WHAT IS NEEDED: What is needed is an exact copy of the lines from the one containing "Cornflower Flower Meadow" through the last line of the records, with no pictures.
--- MATERIAL PROVIDED Enclosed Below ---
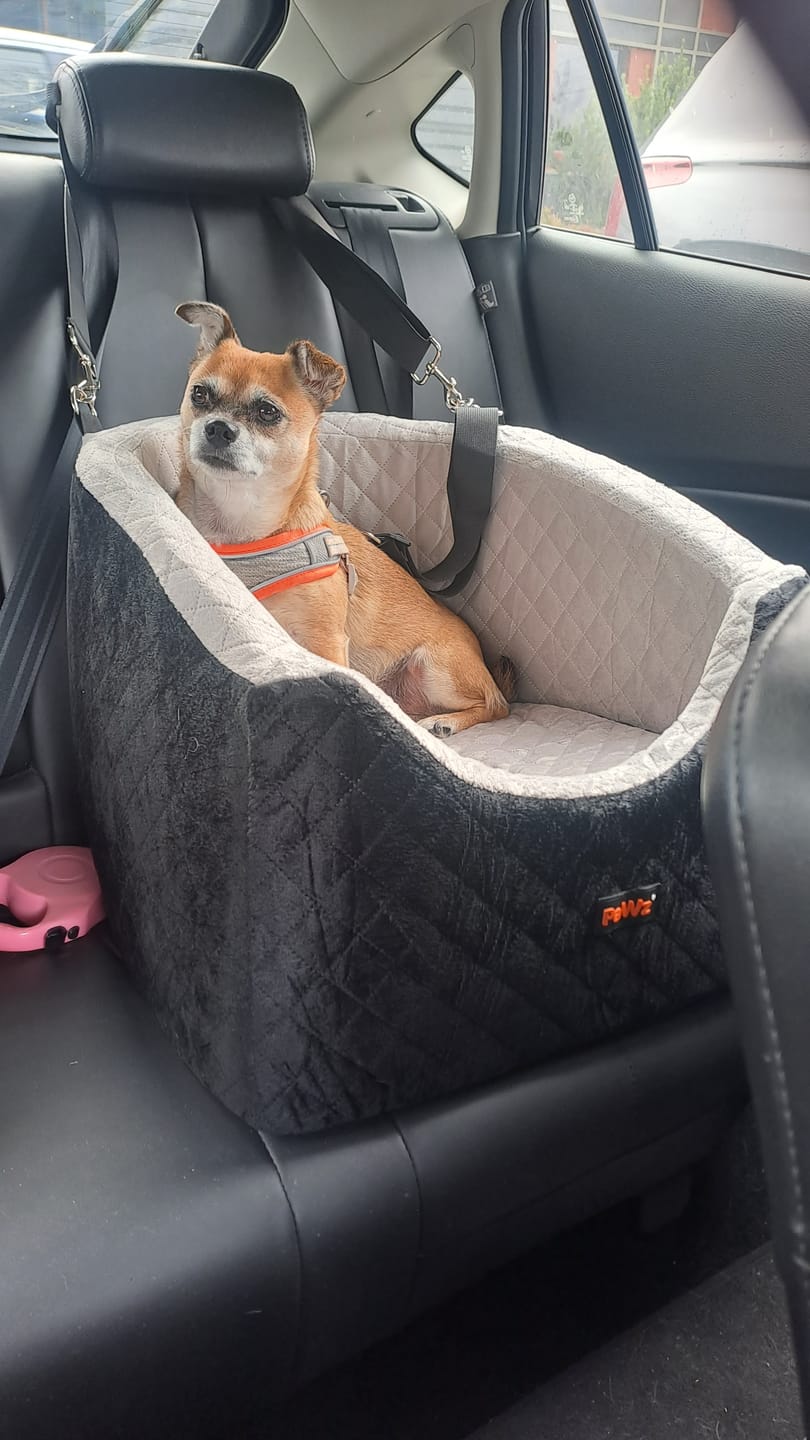 Customer photo review of Dog Car Booster Seat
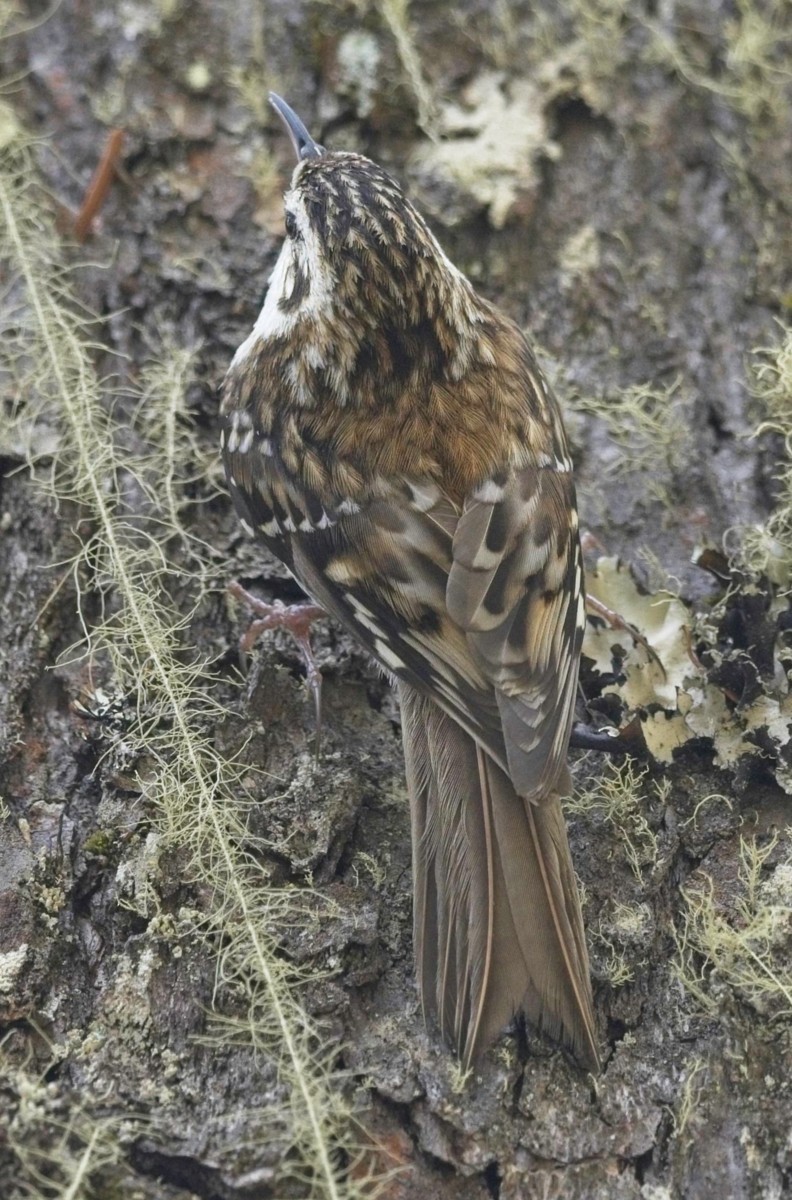 Hodgson's Treecreeper - ML620018620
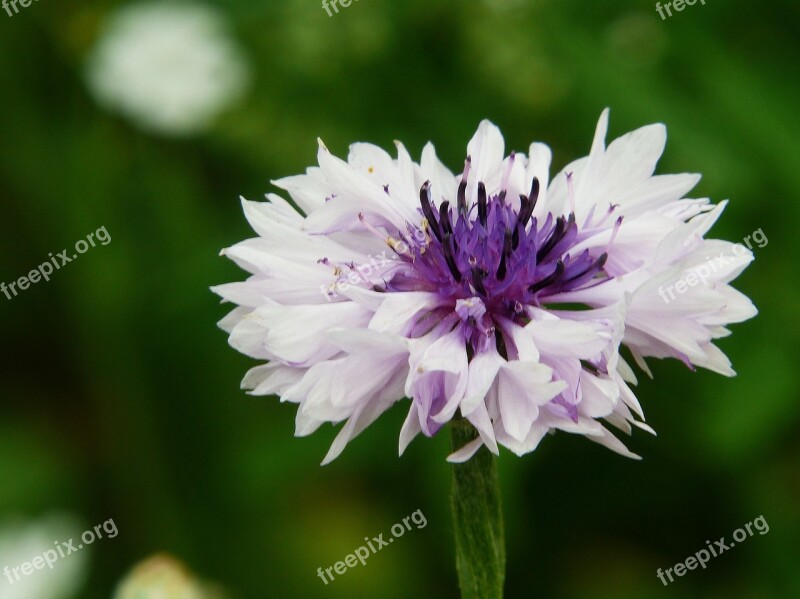 Cornflower Flower Meadow Mutation White Purple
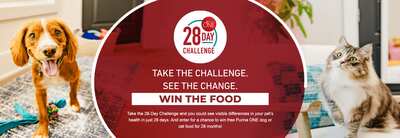 A Purr-fect 28 Days: Enter Nestle Purina's 28 Day Challenge Sweepstakes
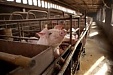 Польша официально отозвала запрет на импорт литовских свиней Польша официально отозвала запрет на импорт литовских свиней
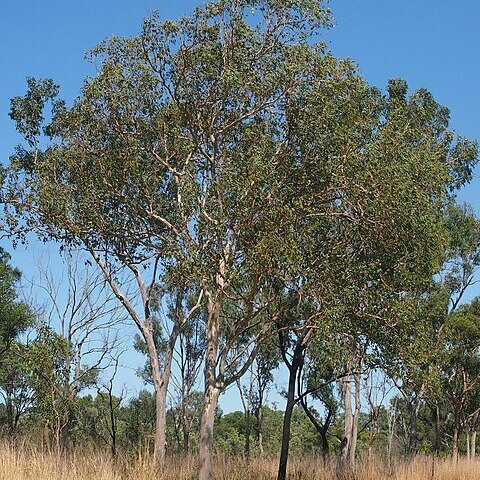 Eucalyptus platyphylla unspecified picture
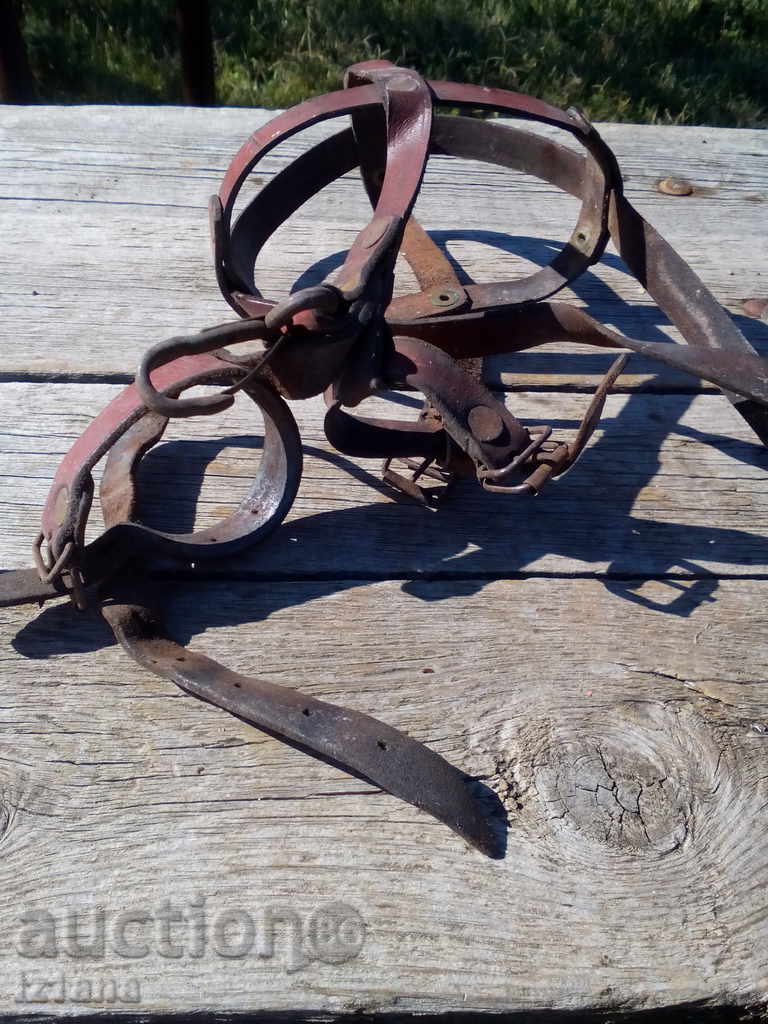 Muzzle - 6 Muzzle - 6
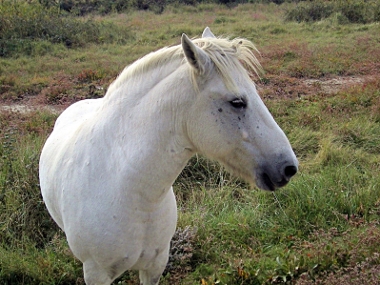 Cheval en camargue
--- End of Enclosed MATERIAL PROVIDED ---
ANSWER AREA:
 Cornflower Flower Meadow Mutation White Purple
 A Purr-fect 28 Days: Enter Nestle Purina's 28 Day Challenge Sweepstakes
 Польша официально отозвала запрет на импорт литовских свиней Польша официально отозвала запрет на импорт литовских свиней
 Eucalyptus platyphylla unspecified picture
 Muzzle - 6 Muzzle - 6
 Cheval en camargue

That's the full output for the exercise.